Собеседник округлил глаза:

   — Это же как изволите вас понимать? Вы — за то, выходит, чтобы все они и говорили на своих языках, и имели собственные школы, а затем нас, православных, онемечили, обармянили и ополячили? Вы помните восемьсот шестьдесят третий год, к чему тогда привело заигрывание с поляками и потакание их претензиям? А мне пришлось в ту пору служить в армии в Западном крае. Там такое поднялось — своё государство потребовали поляки! И если бы не решительность генерал-губернатора Михаила Николаевича Муравьёва-Виленского, светлая ему память, да твёрдость нашего императора, неизвестно, чем бы кончилось.
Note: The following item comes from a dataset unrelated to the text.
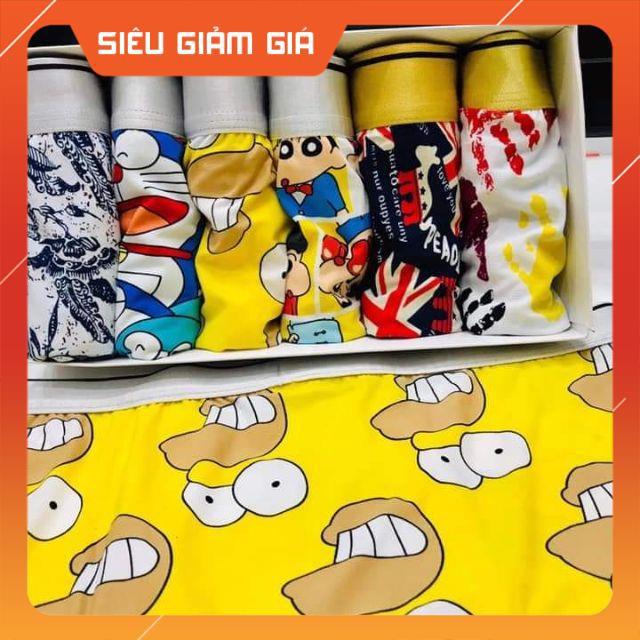 COMBO 4 QUẦN SỊP LỤA HOẠT HÌNH CAO CẤP NHẬT BẢN, SIÊU MÁT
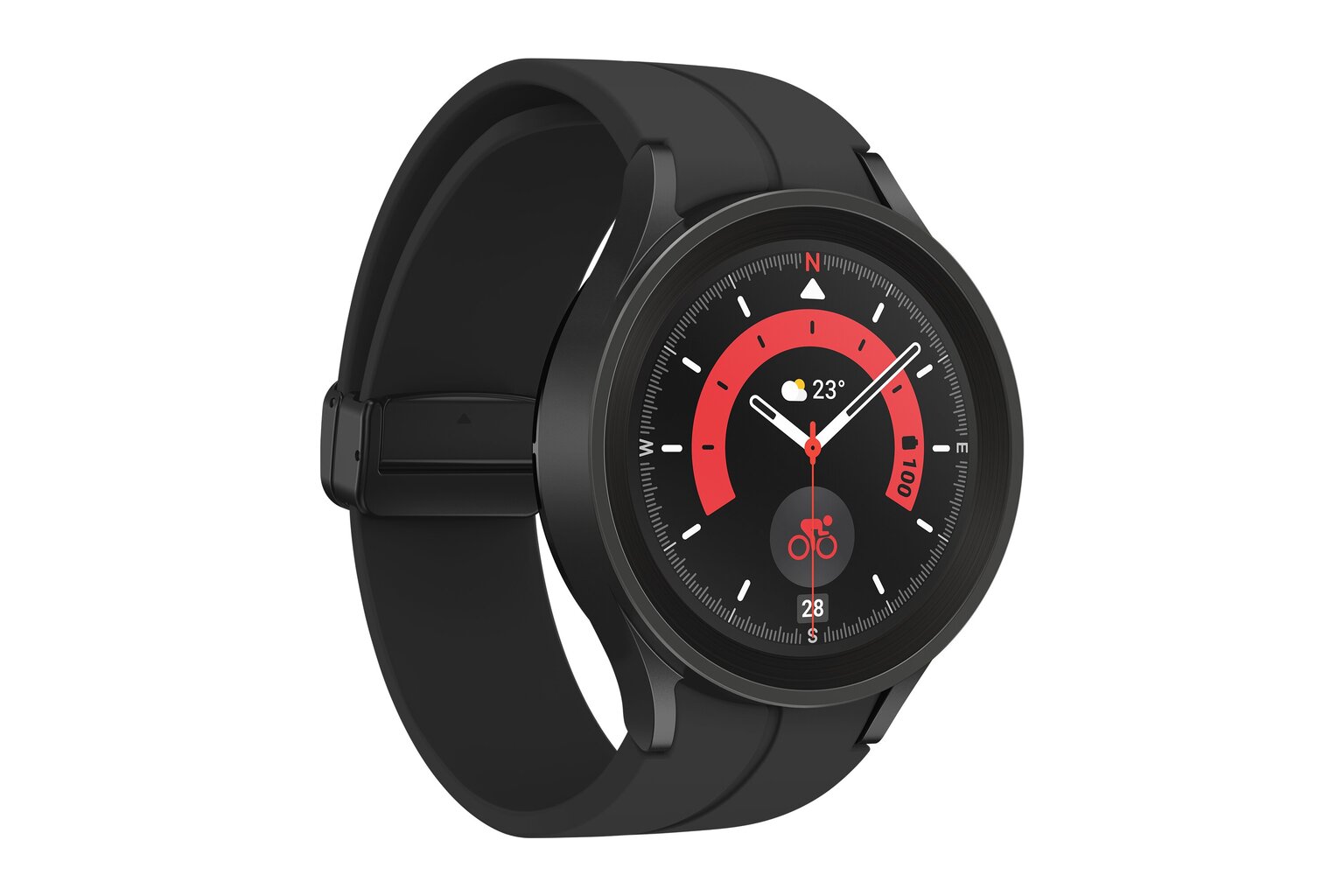 Samsung Galaxy Watch5 Pro SM-R925F Black Titanium cena un informācija | Viedpulksteņi (smartwatch) | 220.lv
Чего другого, но той «решимости» Толстой не мог забыть. Острой болью пронизала его тогда весть о страшной судьбе Сераковского, того чистого и благородного Зыгмунта, с которым всего каких-нибудь два года до того он встречался в доме Герцена в Англии. Возвратившись с конгресса в Петербург, Сераковский опубликовал в «Морском сборнике» статью «Извлечения из писем о военно-уголовных учреждениях главнейших европейских государств». В статье с присущей ему энергией он обстоятельно и убедительно доказал необходимость уравнения в правах нижних чинов. А в апреле 1863 года вышел правительственный указ об отмене в армии и на флоте телесных наказаний.

Но надо было случиться такому — заступник забитого несправедливой муштрой солдата, поборник справедливости, — он, тяжело раненный, с перебитыми рёбрами, был схвачен на поле боя и, лишённый милосердия и всяческой помощи, заточен в каземат.

Мог ли он, поляк, не поддержать своих братьев, которые в самом начале 1863 года поднялись за свою свободу против позорного, унижающего их национальное достоинство российского гнёта? Рано подняли народ организаторы восстания, не успели своё стремление к вольности по-настоящему связать с помыслами лучших русских людей, понимавших, что без поддержки России Польше не разбить своих оков. Но поздно было Зыгмунту вспоминать предупреждающие слова Герцена, когда фитиль оказался зажжённым и пламя уже устремилось по нему к пороховой бочке.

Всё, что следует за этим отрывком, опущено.